There did exist such methods, in the case of Enigma machines used without a plugboard. Such, for instance, was the case with the Italian Enigma, and also with that used by Franco’s forces in the Spanish civil war, whose system had been broken by GC and CS in April 1937. One particular attack was based on what Sinkov described as the ‘Intuitive’ or ‘Probable Word’ method. For this, the analyst had to guess a word appearing in the message, and its exact position. This was not impossible, given the stereotyped nature of many military communications, and would be helped by the feature of the Enigma that no letter could be enciphered into itself. Assuming the Enigma rotor wirings known, a correctly guessed word could quite easily lead the cryptanalyst to the identity of the first rotor and its starting position.

Such analysis would be done by hand methods. But in principle, a much more mechanical approach could be made, exploiting the fact that even a million possible rotor positions did not constitute a ‘tremendously large number’. Like the Polish Bombe, a machine could simply work through the possible positions one by one until it found one that transformed the cipher-text into the known plain-text.

In the following diagrams, we forget the internal details of the basic Enigma, and think of it just as a box which transforms an input letter into an output letter. The state of the machine is represented by three numbers, giving the positions of the rotors. (We also leave aside the problem that the middle and inner rotors may move, and assume them static; in practice this would prove an important consideration in applying the method, but not affecting the principle.)

The Relay Race

Now suppose
it is known for certain that UILKNTN is the encipherment of the word GENERAL by an Enigma without plugboard. This means that there exists a rotor position, such that U is transformed to G, and such that the
next
position transforms I to E, the
next
one taking L to N, and so forth. There is no obstacle in principle to making a search through all the rotor positions until this particular position is found. The most efficient way would be to consider all seven letters
simultaneously
. This could be achieved by setting up a line of seven Enigmas, with their rotors in consecutive positions. One would feed in the letters UILKNTN, respectively, and look to see whether the letters GENERAL emerged. If not, all the Enigmas would move on by one step, and the process would be repeated. Eventually, the right rotor position would be found, the state of the machines then appearing as, say,

None of this would require technical advances beyond that of the Polish Bombe; it would be easy to attach wires such that a current would flow if and only if all seven letters agreed with GENERAL, and stop the machine.

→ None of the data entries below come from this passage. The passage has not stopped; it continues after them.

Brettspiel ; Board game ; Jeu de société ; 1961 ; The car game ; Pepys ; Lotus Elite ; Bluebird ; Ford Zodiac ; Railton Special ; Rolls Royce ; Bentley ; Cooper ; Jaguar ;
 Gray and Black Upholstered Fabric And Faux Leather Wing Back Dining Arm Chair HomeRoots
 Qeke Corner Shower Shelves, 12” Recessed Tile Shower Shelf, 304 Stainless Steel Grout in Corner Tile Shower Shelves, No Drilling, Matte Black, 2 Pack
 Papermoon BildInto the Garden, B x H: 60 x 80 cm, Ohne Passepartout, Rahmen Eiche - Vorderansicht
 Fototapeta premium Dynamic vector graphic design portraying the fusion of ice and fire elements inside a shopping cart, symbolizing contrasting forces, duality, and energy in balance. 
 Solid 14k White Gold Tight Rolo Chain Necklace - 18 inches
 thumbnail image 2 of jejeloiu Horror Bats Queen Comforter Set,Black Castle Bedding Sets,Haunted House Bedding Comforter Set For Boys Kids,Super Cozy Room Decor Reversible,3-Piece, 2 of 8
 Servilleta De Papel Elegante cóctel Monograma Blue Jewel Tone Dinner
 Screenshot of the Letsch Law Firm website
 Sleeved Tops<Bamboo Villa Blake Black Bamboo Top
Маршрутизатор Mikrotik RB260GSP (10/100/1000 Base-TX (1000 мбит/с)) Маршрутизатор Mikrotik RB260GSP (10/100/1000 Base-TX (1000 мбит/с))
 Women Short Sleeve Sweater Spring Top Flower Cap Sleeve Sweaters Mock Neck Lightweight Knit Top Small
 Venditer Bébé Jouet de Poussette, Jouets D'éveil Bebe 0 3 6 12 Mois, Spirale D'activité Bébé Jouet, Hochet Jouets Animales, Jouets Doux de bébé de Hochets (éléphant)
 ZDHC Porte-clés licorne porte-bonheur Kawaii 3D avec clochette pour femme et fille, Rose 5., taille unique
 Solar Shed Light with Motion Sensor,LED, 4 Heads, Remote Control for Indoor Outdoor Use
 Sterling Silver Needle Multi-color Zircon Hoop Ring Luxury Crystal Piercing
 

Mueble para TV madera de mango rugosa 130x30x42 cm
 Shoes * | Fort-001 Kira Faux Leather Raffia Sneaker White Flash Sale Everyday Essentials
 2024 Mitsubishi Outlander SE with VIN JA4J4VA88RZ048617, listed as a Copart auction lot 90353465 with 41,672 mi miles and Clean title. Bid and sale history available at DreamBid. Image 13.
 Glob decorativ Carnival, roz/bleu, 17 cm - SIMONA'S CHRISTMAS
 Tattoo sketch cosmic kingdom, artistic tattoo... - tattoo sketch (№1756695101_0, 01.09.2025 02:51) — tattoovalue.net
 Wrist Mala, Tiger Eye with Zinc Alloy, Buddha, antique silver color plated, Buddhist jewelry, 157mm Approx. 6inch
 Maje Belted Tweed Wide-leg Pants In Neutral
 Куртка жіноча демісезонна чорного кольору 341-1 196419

Even in the early days, such an idea was not particularly far-fetched. Alan’s contemporary, the Oxford physicist R.V. Jones who had become scientific advisor to the secret service, was billeted at Bletchley in late 1939. He conversed with Edward Travis, Denniston’s deputy, about the current cryptanalytic problems. Travis posed the far more ambitious problem of the
automatic recognition not of a fixed text, but of German language in general. Jones inventively proposed various solutions, one of which was
8

 

to mark or punch a paper or film in any one of 26 positions, corresponding to the letter coming out of the machine … and to run the resulting record past a battery of photocells, so that each could count the number of times of occurrence of the letter that it was looking for. After a given total count had been achieved, the frequency distribution between the letters could be compared with the one appropriate to the language, which could have been set up on some kind of template.